# Does Linearity provide *information*
#### Linear transformation
Given a map $L(x)$, $L$ is [linear](Linearity.md) if it satisfies the two properties:
* **Additivity**: $L(x + y) = L(x) + L(y)$
* **Homogeneity of degree 1**: $L(ax) = a L(x) \;\; \forall \;\; a$
This is an incredibly restrictive property, and in sense, the restrictiveness provides us with *information*. It is this information that allows us to describe a linear transformation from $\mathbb{R}^2 \rightarrow \mathbb{R}^2$ via only a 4 numbers, which we encode as a 2 x 2 matrix. Specifically, we only need to know where $L$ transforms our basis vectors in order to know where it will transform *any* vector.

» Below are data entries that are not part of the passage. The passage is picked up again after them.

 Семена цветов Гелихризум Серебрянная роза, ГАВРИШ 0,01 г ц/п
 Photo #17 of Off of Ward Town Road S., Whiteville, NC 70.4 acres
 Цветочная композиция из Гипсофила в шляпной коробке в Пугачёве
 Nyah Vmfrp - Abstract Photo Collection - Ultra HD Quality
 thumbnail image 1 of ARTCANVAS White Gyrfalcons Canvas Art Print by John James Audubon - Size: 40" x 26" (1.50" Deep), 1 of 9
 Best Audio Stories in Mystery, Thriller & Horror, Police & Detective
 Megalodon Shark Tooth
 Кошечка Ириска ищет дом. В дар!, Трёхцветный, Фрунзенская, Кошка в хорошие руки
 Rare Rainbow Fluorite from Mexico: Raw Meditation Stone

To be concrete, we can define our basis vectors as $\hat{i} = \begin{bmatrix} 1 \\ 0 \end{bmatrix}$ and $\hat{j} = \begin{bmatrix} 0 \\ 1 \end{bmatrix}$.

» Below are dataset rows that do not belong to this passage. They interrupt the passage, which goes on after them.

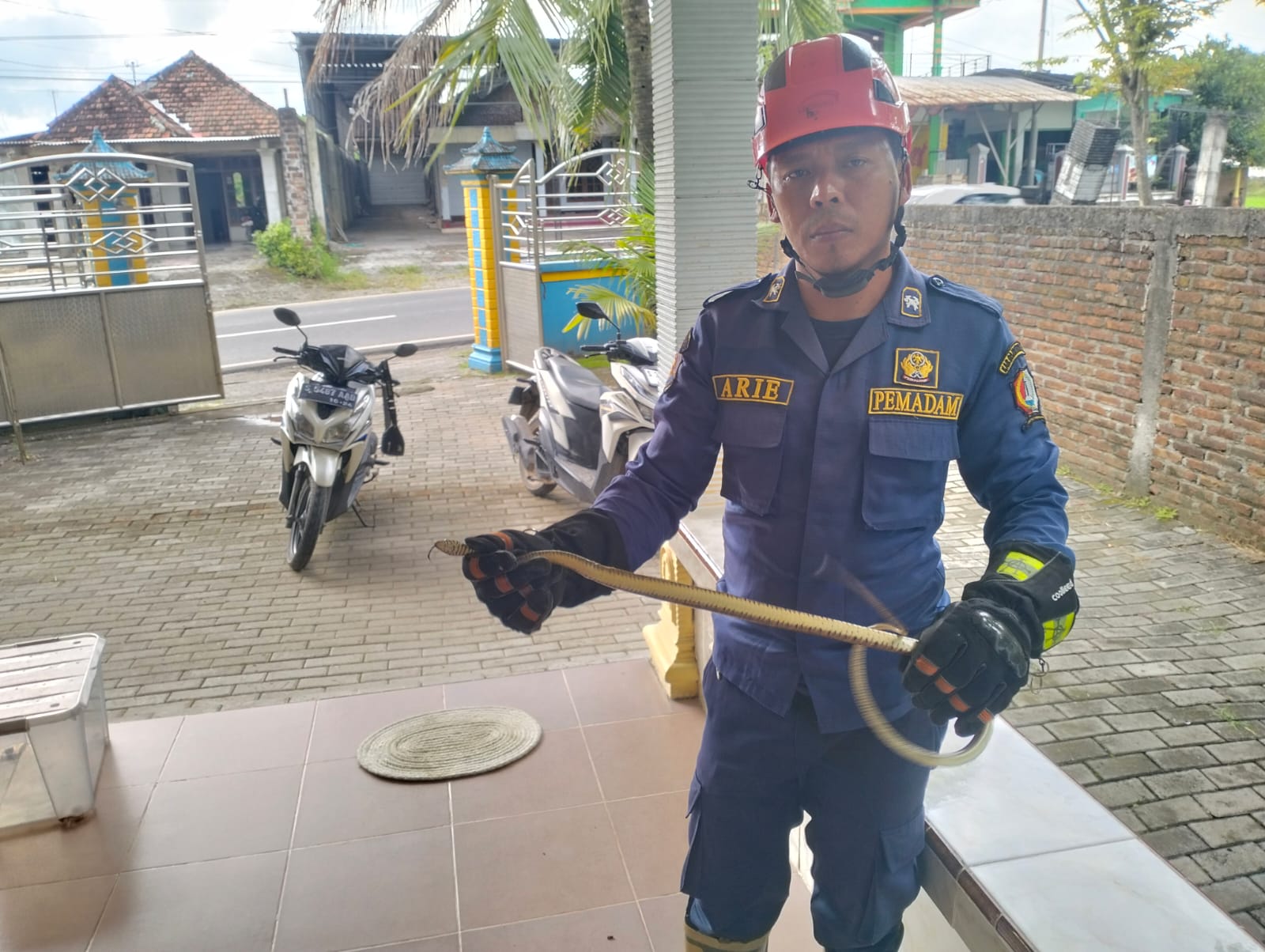 Damkarmat Bojonegoro Evakuasi Ular di Permukiman Warga Kecamatan Temayang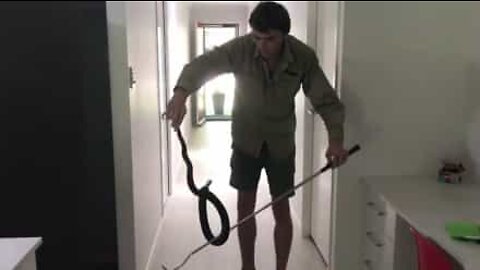 Cobra é encontrada em frigorífico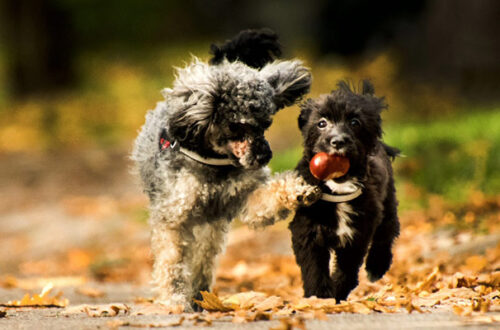 I cani possono mangiare le castagne? thumb
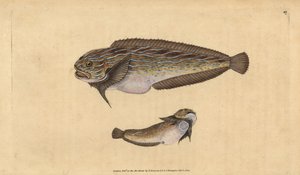 Pesce lumaca striato, Liparis liparis liparis da Edward Donovan
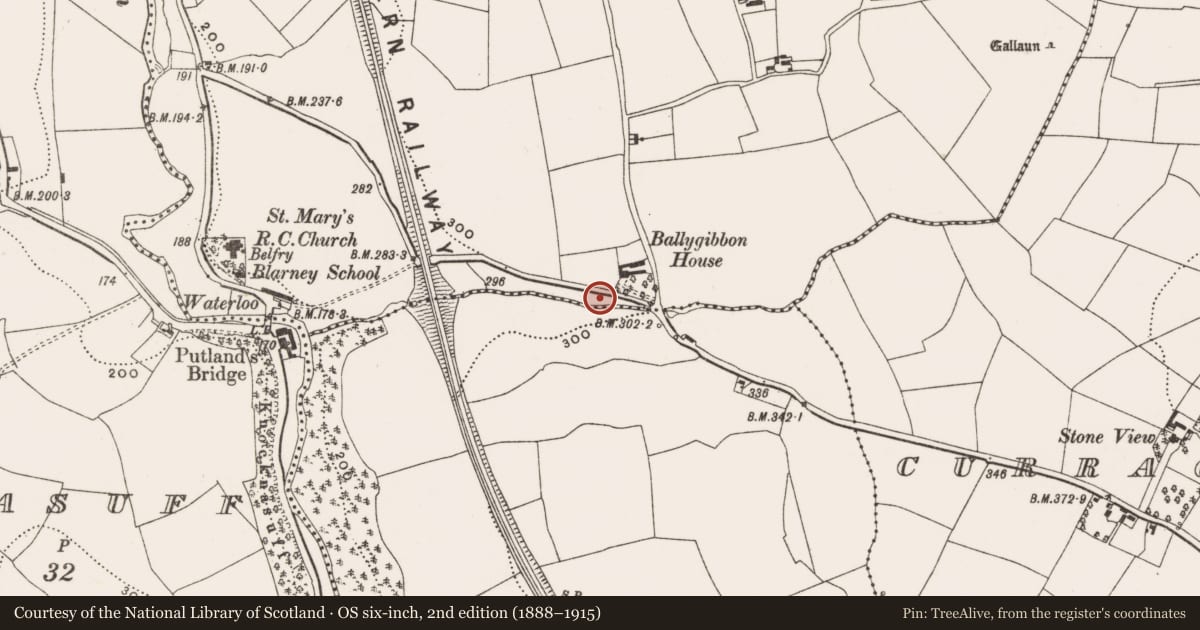 Ordnance Survey six-inch map, 2nd edition (1888–1915) covering the location of Burnt mound, Ballygibbon, County Cork, with a pin at the register's coordinates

So, let's say that $L$ transforms our basis vectors as follows.
$L(\hat{i}) = \begin{bmatrix} 2 \\ 1 \end{bmatrix}$
$L(\hat{i}) = \begin{bmatrix} 3 \\ 0 \end{bmatrix}$
We can then simply encode this information in a 2 x 2 matrix and let that represent $L$:
$L = \begin{bmatrix} 2 & 3 \\ 1 & 0\end{bmatrix}$
The key idea here is that we require only *four numbers* to determine where any vector will be taken. Again, this is due to the *structure* that linearity imposes upon $L$. Visually, the transformation has the property that "lines remain lines", and the "gridlines" remain parallel and evenly spaced:

Obviously gridlines are just an artifact that can help us visualize our space, the key idea is that the *entire space* is transformed in this manner.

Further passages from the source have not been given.